• _RECORD EXCERPTS_
____

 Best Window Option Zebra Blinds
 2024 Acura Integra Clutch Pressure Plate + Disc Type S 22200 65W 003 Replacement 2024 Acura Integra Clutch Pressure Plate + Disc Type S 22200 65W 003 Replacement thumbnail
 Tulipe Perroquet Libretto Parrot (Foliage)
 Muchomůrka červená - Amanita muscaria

____

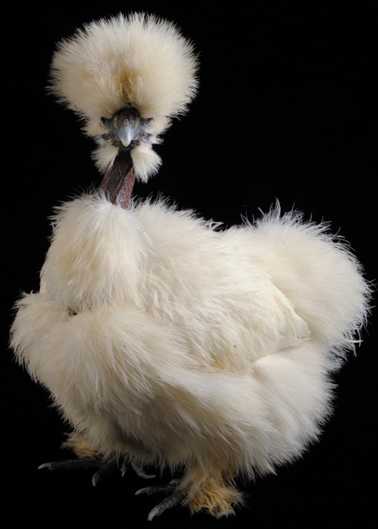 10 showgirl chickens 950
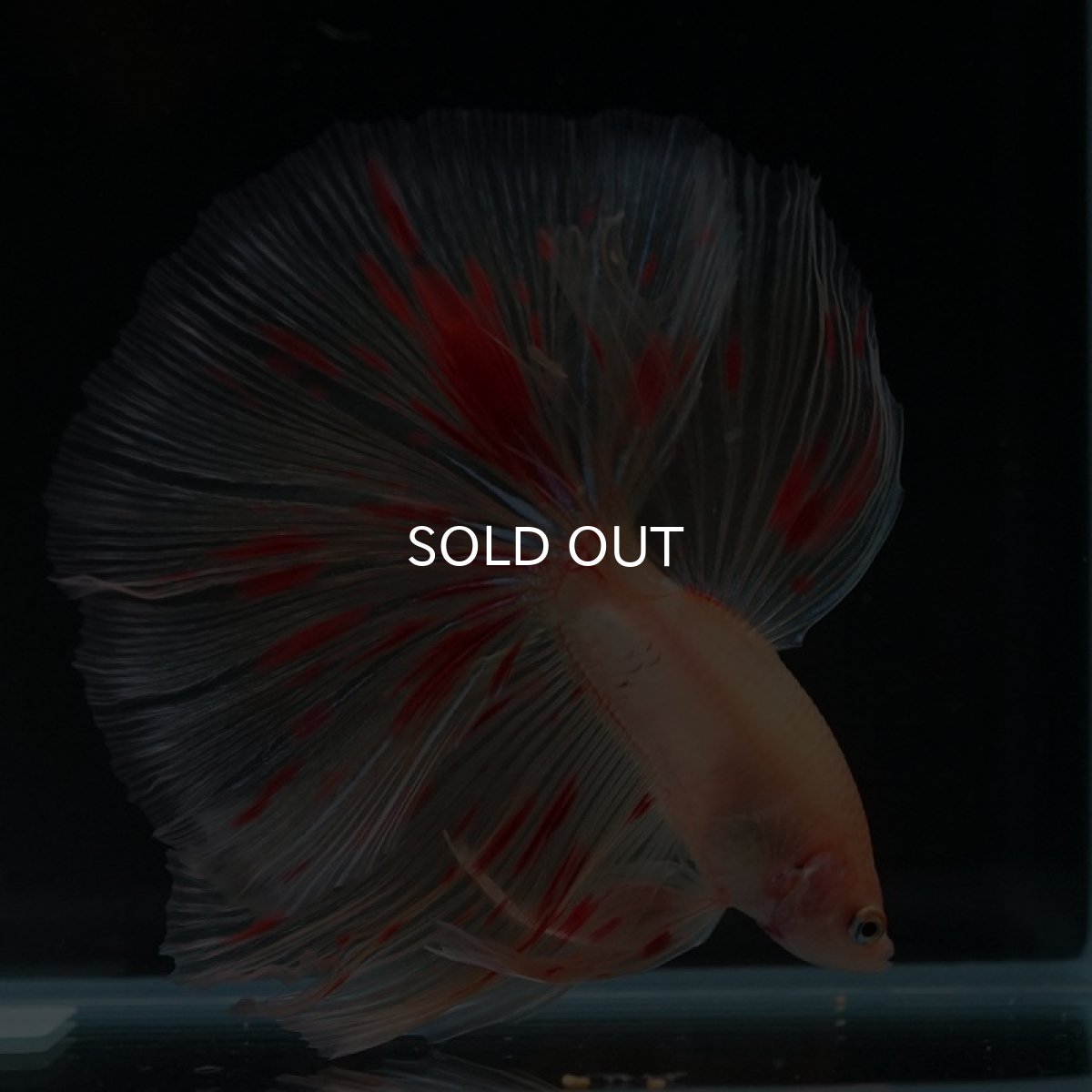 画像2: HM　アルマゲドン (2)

____

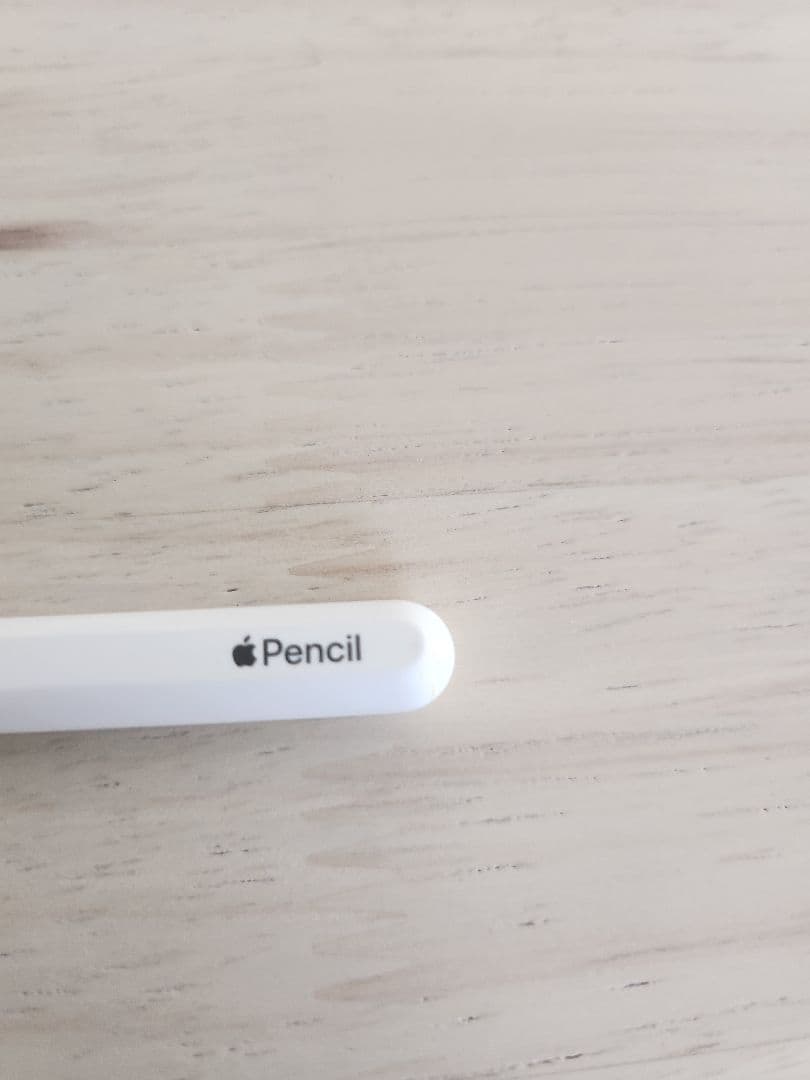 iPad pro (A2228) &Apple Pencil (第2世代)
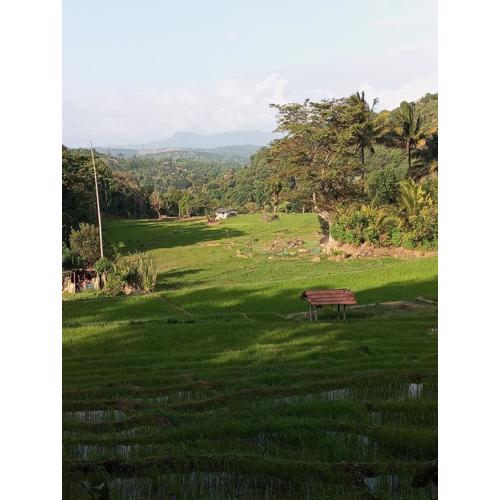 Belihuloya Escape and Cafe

____

• _PROBLEM_
The response should be the listing above, limited to the lines between the one holding "Tulipe Perroquet Libretto Parrot (Foliage)" and the one holding "Muchomůrka červená - Amanita muscaria", inclusive, reproduced exactly.

• _TASK SOLUTION_
 Tulipe Perroquet Libretto Parrot (Foliage)
 Muchomůrka červená - Amanita muscaria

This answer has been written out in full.